As I made my way north on Highway 281 towards Great Bend, my excitement began to build. For months now, I had been looking forward to this trip. This was the culmination of a great deal of planning and anticipation. I would soon be at Cheyenne Bottoms.
When I finally arrived at The Bottoms, I met with my friend Edgar Castillo before he and his hunting party left for an afternoon duck hunt. Leaning against a truck and shifting gravel under our feet he told me that they had already had a great morning, having harvested six roosters, six quail, five snipe, five dove, and five ducks to the group’s credit. Eager to get out into the field, we spoke a little while longer and went our separate ways, but not before he gave me a little local knowledge about where to find one of my favorite game birds, the snipe.

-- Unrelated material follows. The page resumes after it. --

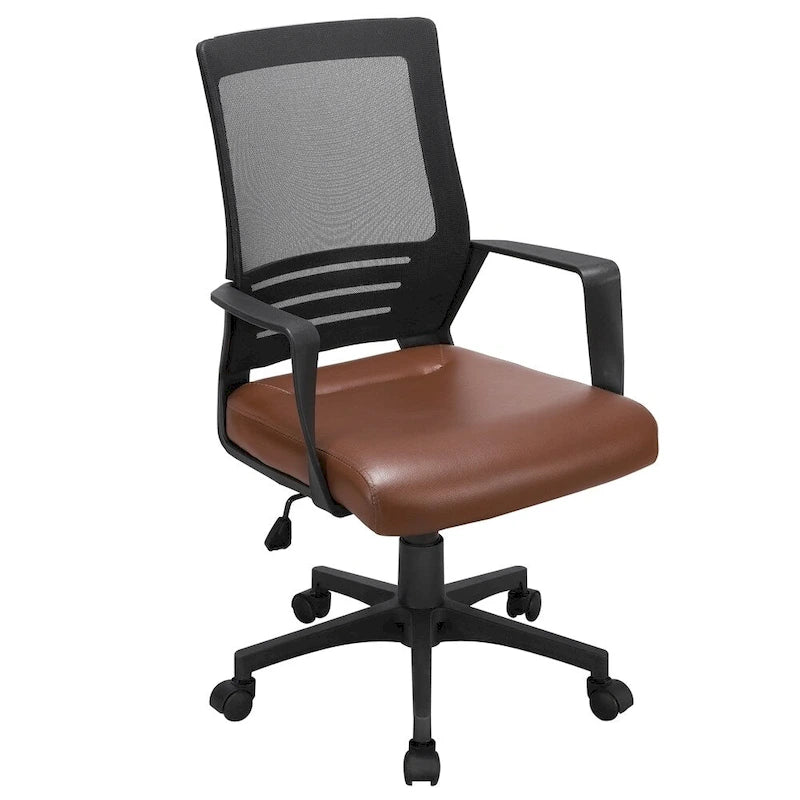 Adjustable Ergonomic Mesh Office Chair with Lumbar Support - 360° Swivel, 265lb Capacity, PU Leather & Mesh Back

I grabbed my gun and my 100 square inches of orange and tore off into the tall grass. After wandering for about a mile, harried by a particularly intrepid skunk which haunted my steps most of the afternoon, I circled back to the truck to regroup (as an aside, Kansas and Oklahoma have to have the highest number of skunks per capita of any region of the country I’ve ever been; they might as well have been mile markers on my drives in the morning and evenings). I knew I only had about an hour and a half of light left. It was apparent that I had not followed Edgar’s instructions well and I was not in the area he described. Despite this, I was determined not to (if you’ll pardon the inescapable pun) get skunked on that day. Alone and in a new area, I decided to take the next twenty to thirty minutes and observe what I could by standing on the roof of my truck.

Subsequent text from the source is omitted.